The negative reaction on the implementation of the program was more pronounced when some reversal of the decision on the postponement of a number of big government projects was announced, plus the reappearance of monopoly practices and several other inconsistencies in the implementation of programs for restructuring the real sector. This was how the market confidence in the government commitment to the program for economic restructuring evaporated.
As a result, the rupiah's downward slide was not just difficult to stop, but the economic crisis was rapidly shifting into a total crisis in a downward spiraling process. Soeharto had to pay dearly for not addressing the problem straight on by resigning in humiliation on May 21, 1998.
In close to three months after his unexpected elevation as the new president, B.J. Habibie has been surprising many people as a national leader who has been trying very hard to do and say things that are politically correct.
He has made some success on this score. But has he been successful in eliminating the loss of confidence in the national leadership to be able to lead the government and the nation to implement the national program of restructuring the economic and political lives in Indonesia? Well, maybe, raising this question at present is a bit unfair. On the other hand, so many problems Indonesia is presently confronting cannot wait for the right solution.
Despite the good publicity that President Habibie has been receiving so far, the market has not been impressed with his leadership. Economic problems have not been abating.
In fact, statistics on macroeconomic indicators have shown a gloomier picture in terms of the growth prospect of the gross domestic product (GDP), the inflation rate, the budget deficit, the situation for food and other basic commodities. The rupiah has been strengthening somewhat, possibly due to some encouraging news about the US$8 billion loan for fast disbursement from the Consultative Group on Indonesia (CGI) recently.
But the bad news from Japan and its implication for Asia, and the still unclear government position about some social issues, seem to cause a lukewarm attitude of the market so far. Investors and creditors keep saying that they still want to wait for the social and political situation to return to stability first before they are willing to invest in or lend to Indonesia.
They trust the long-term potential but (want to) wait for some time before resuming their activities in Indonesia.
In other words, despite the good public reception on some statements or steps that President Habibie recently made, questions are still being raised on whether he is sincere, on whether he can deliver.
After a year of distress and crisis, the Indonesian economy at present has not seen the light yet. Statistics of economic indicators are difficult to hold on to because of so many uncertainties.
However, some available macroeconomic indicators show a somber economic picture which promises to get worse before getting better.
The turmoil in the last 12 months has resulted in a drastic slide of almost all economic activities.

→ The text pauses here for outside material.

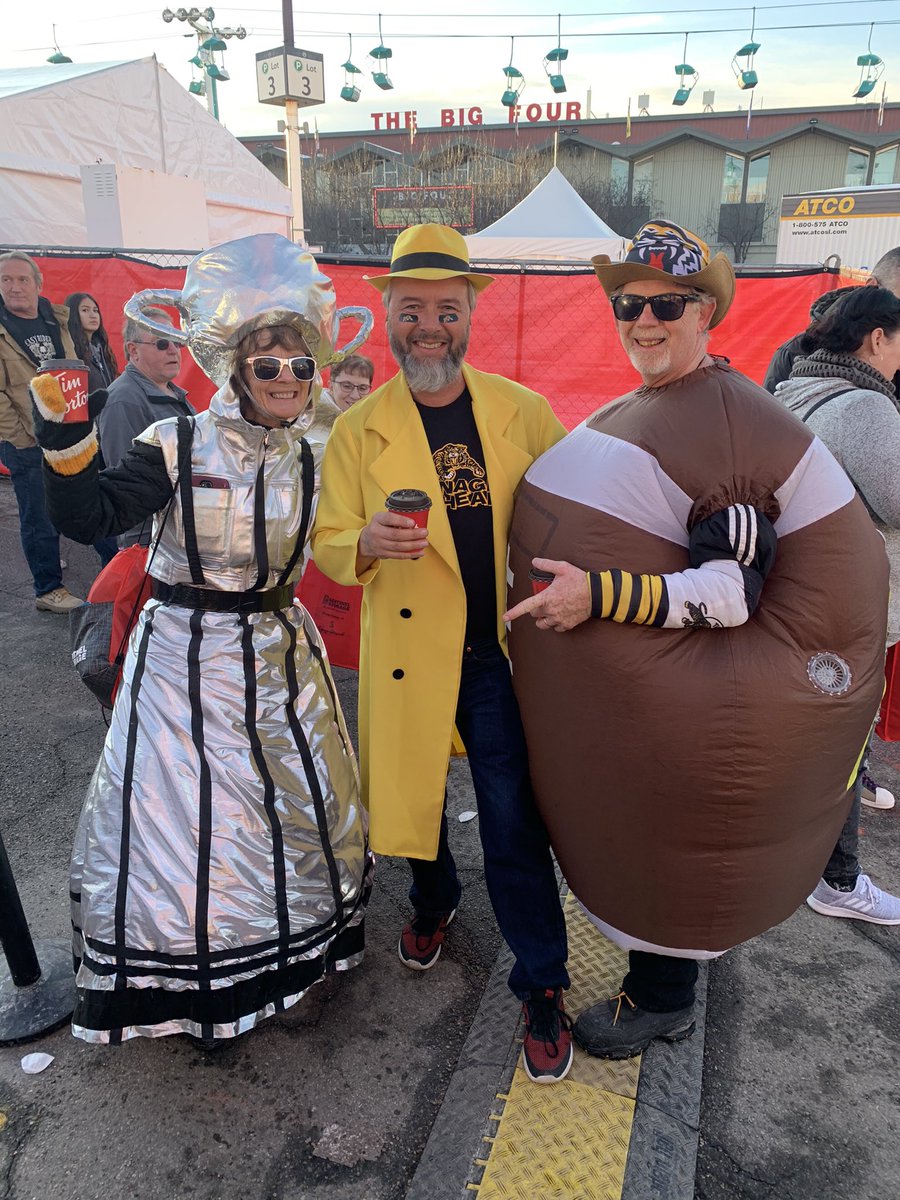 wally_walker's tweet photo. Friday night at last year’s #GreyCup was my 1st #GCmeetup. it was a BLAST! a big thank you to a couple of people that helped me get me in there. you know who you are. 🙂 looking forward to next year’s meet up at #GreyCup2021 in #HamOnt. #TiCats #CFL https://t.co/oTr1EypkBO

Some data released recently by the Central Bureau of Statistics showed that the annualized economic contraction for the first semester of 1998 was a little over 12 percent. And for 1998, it will be more than 13 percent.
The inflation rate for 1998 will be more than 80 percent, unemployment 17 percent and the number of the population living below the poverty line will increase from 22 million to 80 million. The rupiah has depreciated by more than 80 percent since July last year, or more than 20 percent since President Habibie took charge, while the budget deficit will be ballooning.
The crisis has hit the Indonesian economy so hard that, after a year, the economy has turned from continued high growth with a stabilizing tendency into a slump.
The picture of the Indonesian economy at present is not very clear, confusing for many, and frustrating for those who are interested in contributing to finding a solution to the pertaining problems.
Indonesia has been suffering from a problem which initially was clearly a currency or an exchange rate problem, but through time and the contagion process, has become a economic, social and political crisis.
As mentioned before, the crisis that the national economy has been confronting in the past year has become so complicated that one may have difficulty in separating the causes from the consequences.
However, it is crucial that Indonesians should recognize the problems clearly before pursuing a program to address the problems effectively.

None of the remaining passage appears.